Nonostante ciò, all’inizio degli anni Settanta il Re Sole cominciò a vedere i risultati concreti di questa politica espansionistica, riuscendo a ottenere, in momenti successivi, l’annessione della Franca Contea, dell’Alsazia (acquisita in parte già nel secolo precedente e con la Pace di Vestfalia [ cap. 16.3]) e di Strasburgo [ 4]. La supremazia francese sull’Europa occidentale raggiunse l’apice in questo periodo, con le potenze concorrenti che non sembravano avere le forze necessarie per battere il suo esercito ben organizzato ed equipaggiato.

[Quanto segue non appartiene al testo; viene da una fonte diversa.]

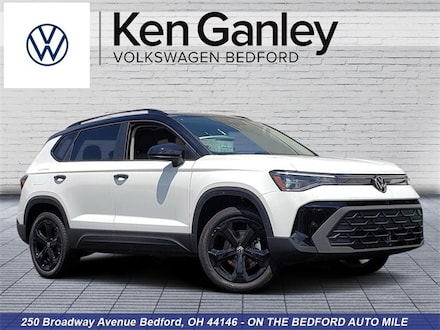 2025 Volkswagen Taos 1.5T SE Black SUV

Nel 1688 Luigi XIV cercò di entrare nel cuore del mondo tedesco invadendo il Palatinato. I soldati francesi, spinti dalla fame e sfiniti da un impegno militare che sembrava non avere termine, ricorsero a scorribande e saccheggi, devastando orrendamente il paese. Il Sacro Romano Impero reagì, ottenendo l’appoggio dei principi territoriali e di Inghilterra, Olanda, Spagna e Svezia. Le ostilità continuarono fino al 1697, quando fu firmata la Pace di Ryswijk. L’intento della coalizione antifrancese era quello di mettere fine a un disegno aggressivo ed egemonico che si stava ormai dispiegando da decenni, ma in realtà gli accordi non furono dannosi per il sovrano francese, che riuscì a conservare tutti i territori precedentemente conquistati.